How can I enumerate thee? Let me count the ways…

This weekend, I was writing some demo code for the async chapter of C# in Depth – the idea was to decompile a simple asynchronous method and see what happened. I received quite a surprise during this, in a way which had nothing to do with asynchrony.

Given that at execution time, text refers to an instance of System.String, and assuming nothing in the body of the loop captures the ch variable, how would you expect the following loop to be compiled?

foreach (char ch in text)
{
    // Body here
}

Before today, I could think of four answers depending on the compile-time type of text, assuming it compiled at all. One of those answers is if text is declared to be dynamic, which I’m not going to go into here. Let’s stick with static typing.

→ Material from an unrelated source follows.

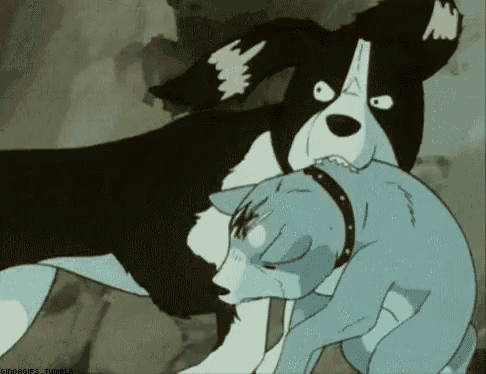 a black and white dog is laying on a blue dog .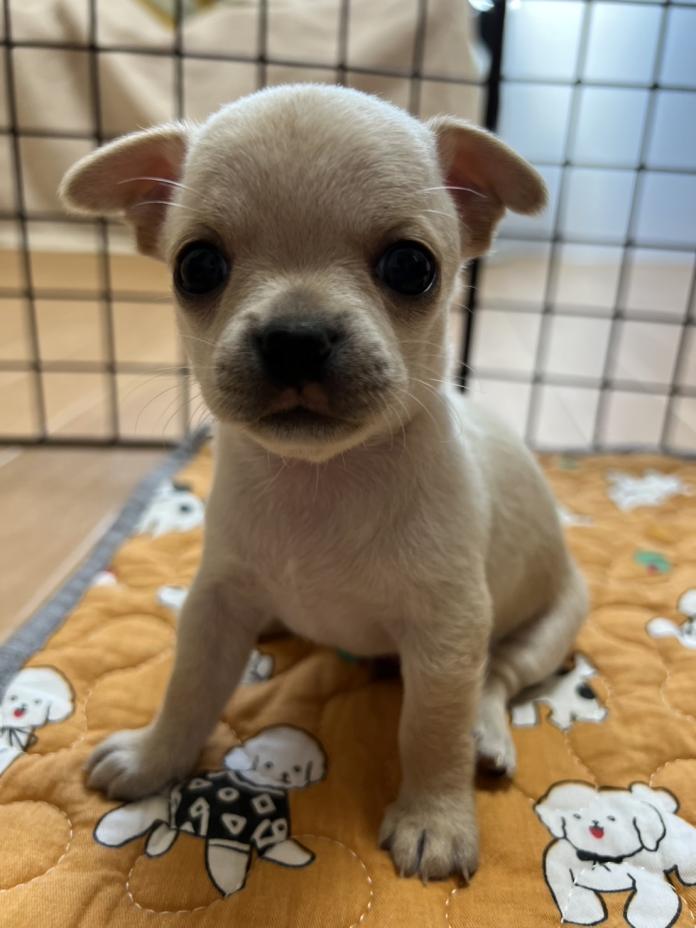 犬のプロフィール画像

If text is declared as IEnumerable

In this case, the compiler can only use the non-generic IEnumerator interface, and I’d expect the code to be roughly equivalent to this:

IEnumerator iterator = text.GetEnumerator();
try
{
    while (iterator.MoveNext())
    {
        char ch = (char) iterator.Current;
        // Body here
    }
}
finally
{
    IDisposable disposable = iterator as IDisposable;
    if (disposable != null)
    { 
        disposable.Dispose();
    }
}

Note how the disposal of the iterator has to be conditional, as IEnumerator doesn’t extend IDisposable.

If text is declared as IEnumerable<char>

Here, we don’t need any execution time casting, and the disposal can be unconditional:

IEnumerator<char> iterator = text.GetEnumerator();
try
{
    while (iterator.MoveNext())
    {
        char ch = iterator.Current;
        // Body here
    }
}
finally
{
    iterator.Dispose();
}

If text is declared as string

Now things get interesting. System.String implements IEnumerable<char> using explicit interface implementation, and exposes a separate public GetEnumerator() method which is declared to return a CharEnumerator.

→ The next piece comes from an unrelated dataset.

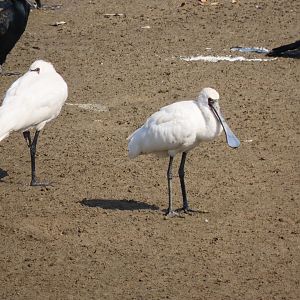 Black faced spoonbill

Usually when I find a type doing this sort of thing, it’s for the sake of efficiency, to reduce heap allocations. For example, List<T>.GetEnumerator returns a List<T>.Enumerator which is struct with the appropriate iteration members. This means if you use foreach over an expression of type List<T>, the iterator can stay on the stack in most cases, saving object allocation and garbage collection.

In this case, however, I suspect CharEnumerator was introduced (way back in .NET 1.0) to avoid having to box each character in the string. This was one reason for foreach handling to be based on types obeying the enumerable pattern, as well as there being support through the normal interfaces. It strikes me that it could still have been a structure in the same way as for List<T>, but maybe that wasn’t considered as an option.

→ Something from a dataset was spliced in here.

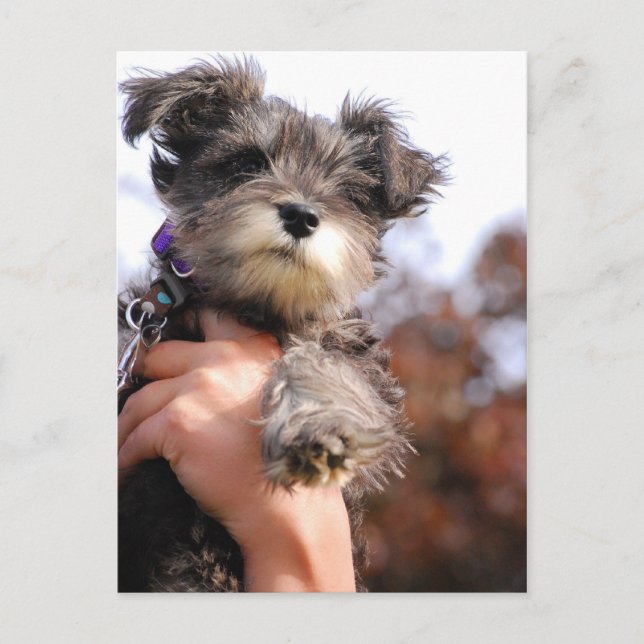 Miniature Schnauzer Puppy Vykort (Framsida)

Anyway, it means that I would have expected the code to be compiled like this, even back to C# 1:

CharEnumerator iterator = text.GetEnumerator();
try
{
    while (iterator.MoveNext())
    {
        char ch = iterator.Current;
        // Body here
    }
}
finally
{
    iterator.Dispose();
}

What really happens when text is declared as string

(This is the bit that surprised me.)

So far, I’ve been assuming that the C# compiler doesn’t have any special knowledge about strings, when it comes to iteration. I knew it did for arrays, but that’s all. The actual result – under the C# 5 compiler, at least – is to use the Length property and the indexer directly:

int index = 0;
while (index < text.Length)
{
    char ch = text[index];
    index++;
    // Body here
}

There’s no heap allocation, and no Dispose call. If the variable in question can change its value within the loop (e.g. if it’s a field, or a captured variable, or there’s an assignment to it within the body) then a copy is made of the variable value (just a reference, of course) first, so that all member access is performed on the same object.

Conclusion

So, there we go. There’s nothing particularly mind-blowing here – certainly nothing to affect your programming style, unless you were deliberately avoiding using foreach on strings "because it’s slow." It’s still a good lesson in not assuming you know what the compiler is going to do though… so long as the results are as expected, I’m very happy for them to put extra smarts in, even if it does mean having to change my C# in Depth sample code a bit…